As someone who has been an emotional eater for a good solid three decades, in a moment of clarity it dawned on me that I was feeding ‘Something Else.’
Now mind you, I’ve had moments of clarity in the past and am I aware of triggers but this time, the thought of ‘Something Else’ came alive.
I’d blamed my body for not shedding all the weight I wanted it to. But I realized that my body had done a marvelous job in managing all the abuse I’d doled out over the years.
Stuffing it with food when it wasn’t hungry. Depriving it of water. My body did the best it could with what it was being given.
I had to apologize to my body yet again.
Then I realized that if my body wasn’t asking for donuts, cookies, and chips, then who or what was. The answer was ‘Something Else’ and freedom came when I got to the root of ‘Something Else.’
- ‘Something Else’ was fear and fear thrived on chocolate. Chocolate candy, chocolate cake, chocolate covered almonds, and chocolate chip cookies. Not my physical body. ‘
- Something Else’ also manifested as insecurity. Whenever I didn’t feel quite good enough, insecurity wanted crunchy, cheesy things—never apples.
- I also identified frustration and impatience as ‘Something Else.’ These two things kept me in front of my pantry looking for something sweet or salty or even a combination of the two.
My body was forced to manage crap it didn’t ask for but ‘Something Else’ did.
So one day I made up my mind that I wasn’t going to feed ‘Something Else’ anymore. I would starve it to death and give my body only what it required. Not just good quality foods but adequate rest (The Nap Bar is a god-send), regular, moderate exercise and water.

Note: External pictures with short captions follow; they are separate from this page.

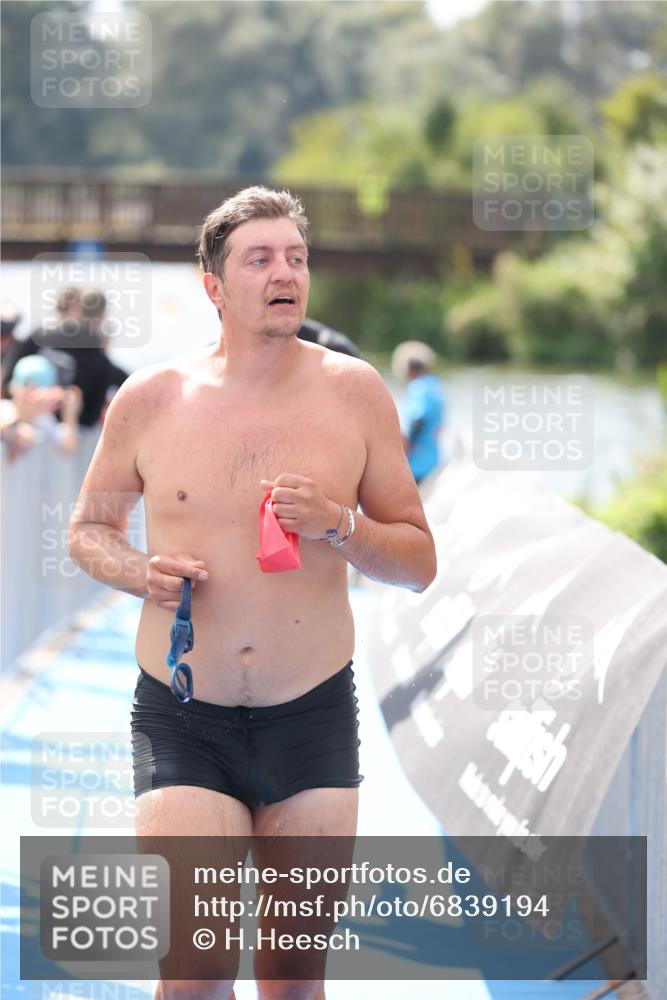 25.08.2024 - Elbe Triathlon Hamburg H.Heesch http://msf.ph/oto/6839194 25.08.2024 14:05:34 Schwimmen 4, 8, 9, 13, 15, 19, 22, 25, 29 meine-sportfotos.de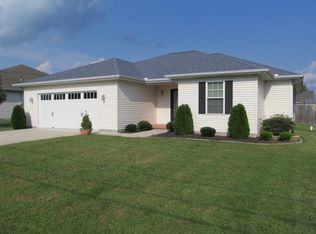 314 W Beacon Ct, Mount Vernon, IL 62864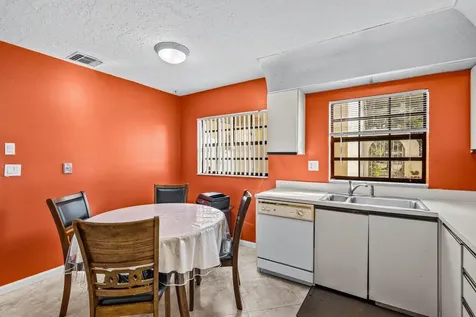 2195 Nw 14th Street Delray Beach FL 33445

I’m not a big water drinker so I learned to add things to it to make it more palatable. Things like cucumber, mint, basil, oranges, lemons, limes and berries. Flavored lime and citrus sparkling waters give me the flavor and fizz I miss even though I was never a big soda drinker. I had to make the adjustment because I realized that ‘Something Else’ had a preference for coffee filled with cream and sugar and margaritas. My body could do without.
If you’re an emotional eater, have you identified your ‘Something Else?’ Are you ready to devise a plan to put ‘Something Else’ to death once and for all? That way, your body can become the healthy, leaner machine you’ve always dreamed about. Putting ‘Something Else’ to death is the first step.